High CPU utilization issue after creating a large number of checks (25+)

Hello Everyone,

I’m using Sensu to monitor my server, and I’ve set up over 25 checks. As many checks are running at the same time, CPU utilization is extremely high.

Has anyone else encountered this problem? and how to control the creation of multiple processes at the same time.

Operating System: Windows
Sensu Go: 6.8

Hey there,

What are the checks doing? What plugins or assets are you using? There are any number of things that can affect CPU utilization, so it’s sort of hard to say what’s happening without knowing more about your environment and the checks you’re running.

Hey @aaronsachs ,

Thanks for the quick reply.

What are the checks doing? What plugins or assets are you using?

I have a few checks which use the same customized asset (Implemented using Python Prometheus Client Parser), that scrape the metrics from Windows Exporter on that machine and each check monitors specific metrics values (Example: CPU, Windows Services).

I know scraping and monitoring metrics is resource intensive task. Can’t we limit the number of process creations?

Hey there,

Is there a reason to use the python client parser? You could use a native powershell command like:

Invoke-WebRequest -UseBasicParsing -Uri http://localhost:8080/metrics | Select-Object -ExpandProperty Content  

To gather the metrics, or there’s the HTTP-GET from the http check collection, which since it’s compiled, may not be as heavy handed as using Python.

In either case, the agent is capable of gathering those metrics and alerting off of certain ones using metric threshold evaluation, which may reduce the amount of checks you need to implement. It may also be worth checking to see if there’s a particular metric that’s taking longer than you’d expect to return a value, because if it’s choking on something, then it’s likely that checks could pile up as a result. I’d be really curious if the logs show anything about check executions still being in progress.

Hi @aaronsachs ,

Is there a reason to use the python client parser?

Yes, Because I have checks that monitor total network packets received from all network interface cards, I must sum all cards. As a result, I need to parse the metrics.
This is just one of my expectations; we also need to check a few services to see if they are running, paused, or stopped.

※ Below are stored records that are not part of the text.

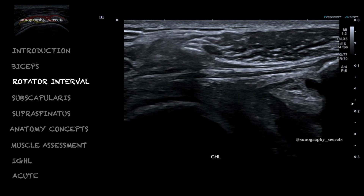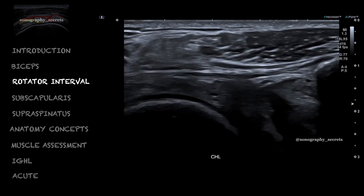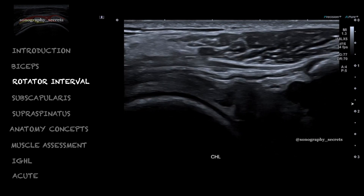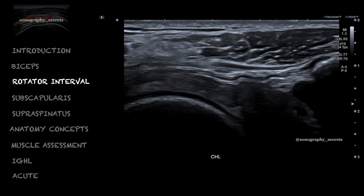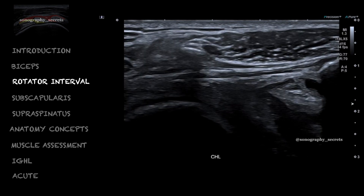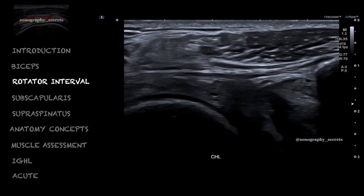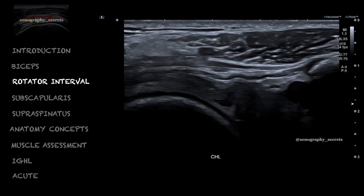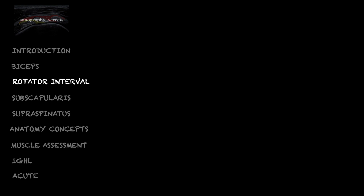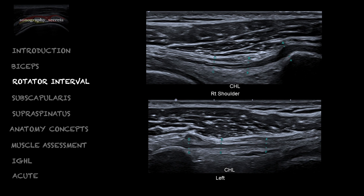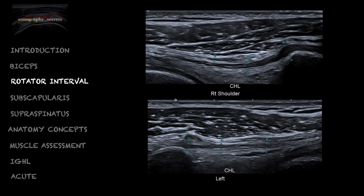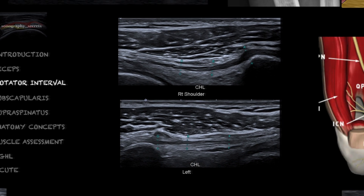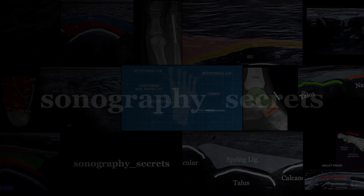We can however see thickening of the coracohumeral ligament. To identify the coracohumeral ligament, simply move to the coracoid process, and with slight external rotation we will see tightening of the CHL. Thickening of the CHL is one of the more characteristic manifestations of a frozen shoulder. Thanks for listening guys, like and subscribe for more content.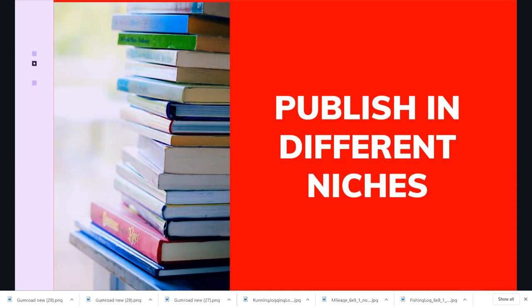Publish in different books: logbooks, planners, teacher appreciation books, coloring books, unicorn notebooks, Halloween notebooks, Halloween coloring, puzzle books, quizzes — all these are different niches you can explore. Publishing across different niches helps you make more income, and I believe you can do it.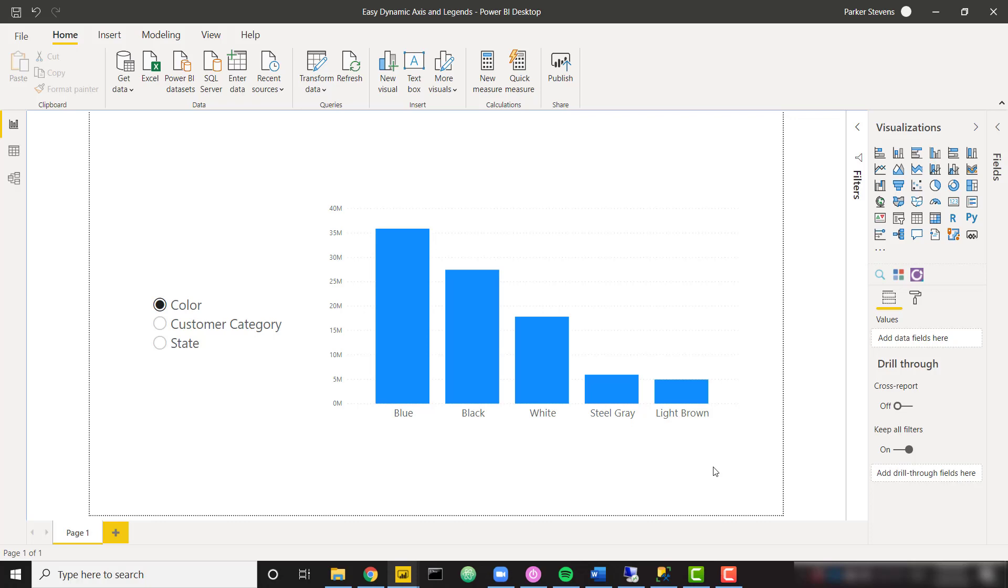What's up everybody, it's Parker with BI Elite. I have a fun video today showing you how to set up dynamic axes and legends within your visuals. You can do this with personalized visuals that came out a few months back, but I still like the idea of being able to bake in the different options for your end user when it comes to these dynamic functionalities.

# HELP windows_net_packets_received_total (Network.PacketsReceivedPerSec)
# TYPE windows_net_packets_received_total counter
windows_net_packets_received_total{nic="Intel_R__Wi_Fi_6_AX205_160MHz"} 934708
windows_net_packets_received_total{nic="Realtek_PCIe_GBX_Family_Controller"} 0
# HELP windows_service_state The state of the service (State)
# TYPE windows_service_state gauge
windows_service_state{name="mssqlserver",state="continue_pending"} 0
windows_service_state{name="mssqlserver",state="pause_pending"} 0
windows_service_state{name="mssqlserver",state="paused"} 0
windows_service_state{name="mssqlserver",state="running"} 1
windows_service_state{name="mssqlserver",state="start_pending"} 0
windows_service_state{name="mssqlserver",state="stop_pending"} 0
windows_service_state{name="mssqlserver",state="stopped"} 0
windows_service_state{name="mssqlserver",state="unknown"} 0

As per my knowledge, I think we can’t handle this using a check.

This topic was automatically closed 30 days after the last reply. New replies are no longer allowed.